President Trump made a lot of campaign promises, and his record on making good on them thus far is stellar. One of those campaign promises was his word to our senior citizens that he would leave their social security as it is. That there would be no changes to the social security that many of them depend on, even so far as considering it their life or death.
It is President Trump who said over and over that voters like Social Security, and because of this, it should be left alone. It was one of the several things that really made our President stand out among his primary rivals who did not feel the same way. It threw them for a loop.
His logic, for his decision, was really on point as well.
“There’s no way a Republican is going to beat a Democrat when the Republican is saying, ‘We’re going to cut your Social Security’ and the Democrat is saying, ‘We’re going to keep it and give you more,’ ” Trump reportedly told House Speaker Paul Ryan, who wants entitlement cuts, in May.”
Trump vowed to leave the retirement age qualification and benefits intact. So now fast forward from his promise, and looking at this year’s and next year’s “proposed” budgets.
There was a lot going on in political discussion circles about this year’s budget proposal that called for $236 billion dollars worth of reductions to Medicare, the federal health-care program that serves Americans 65 and older. With this proposal it would seem that Trump’s campaign promise to our seniors is being contradicted, however, there are a few things we need to consider before closing the book on this promise. First of all, we need to remember that the budget proposal is a non-binding document, which means it could very well fall flat on the floor.
As we saw with this year’s proposal, that is exactly what happened. Furthermore, on top of that there were several provisions that actually benefit users of Medicare in it, possibly being the equalizer or maybe even better than their benefits were previously. Next, if we were to really look at it in black and white, nothing has been enacted that is contrary to the President’s promise to our senior citizens. The promise is still in the works even now as we look at 2019’s proposed budget for our older folks.
“In his 2019 budget proposal, President Donald Trump revived a proposal from his previous budget that would cut disability programs administered by the Social Security Administration.

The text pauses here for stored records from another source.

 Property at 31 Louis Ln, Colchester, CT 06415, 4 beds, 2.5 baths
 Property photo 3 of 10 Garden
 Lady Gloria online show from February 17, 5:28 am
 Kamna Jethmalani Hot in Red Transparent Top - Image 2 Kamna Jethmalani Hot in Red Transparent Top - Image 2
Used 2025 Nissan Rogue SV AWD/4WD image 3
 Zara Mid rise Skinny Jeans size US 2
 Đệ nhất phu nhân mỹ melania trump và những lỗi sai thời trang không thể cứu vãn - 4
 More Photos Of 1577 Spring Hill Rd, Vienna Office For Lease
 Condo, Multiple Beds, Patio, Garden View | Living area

Under the heading “reform disability programs,” the budget blueprint counts $72 billion in spending reductions over 10 years. These would be from two similarly named but distinct programs run by the Social Security Administration — Social Security Disability Insurance (or SSDI) and Supplemental Security Income (or SSI).

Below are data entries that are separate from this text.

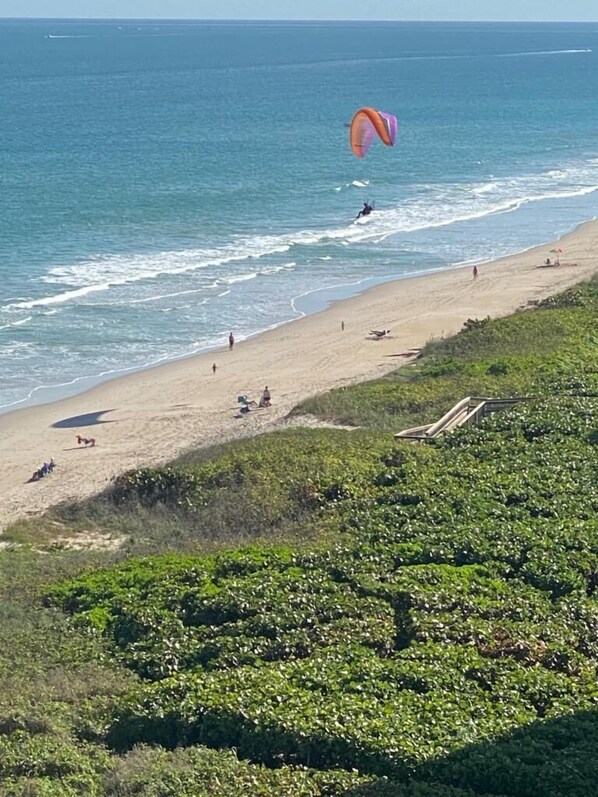En la playa, camastros y toallas de playa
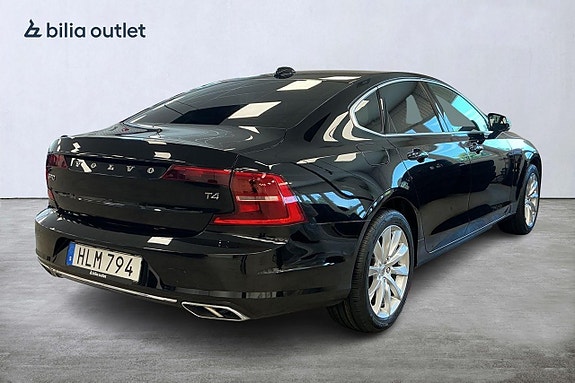 Volvo S90 4 of 5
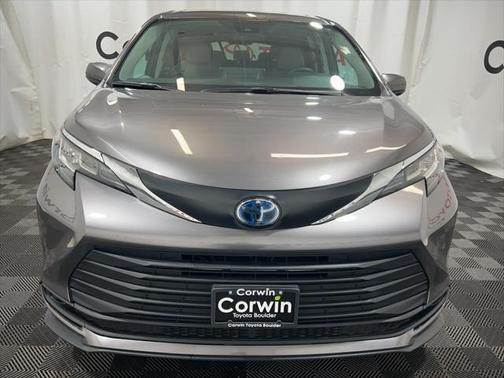 2023 Toyota Sienna LE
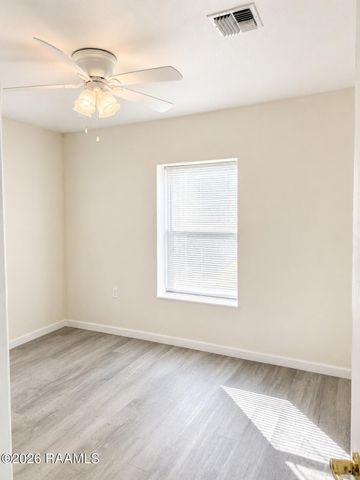 125 Delasalle Drive, New Iberia, LA 70560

SSDI benefits people with physical and mental conditions that are severe enough to permanently keep them from working. It is funded by Social Security payroll taxes. Meanwhile, SSI payments are limited to low-income Americans — senior citizens, or adults or children who are disabled or blind. The payments are funded through general revenue from the treasury.
“The largest cut would come from an unspecified proposal to test new approaches to increase labor force participation of people with disabilities,” said Benjamin W. Veghte, the vice president for policy at the National Academy of Social Insurance.
As we noted last year when we looked at this promise, White House budget director Mick Mulvaney has argued that putting forth this proposal doesn’t mean that Trump would be breaking his promise, because the budget proposal doesn’t cut from the Social Security retirement program.”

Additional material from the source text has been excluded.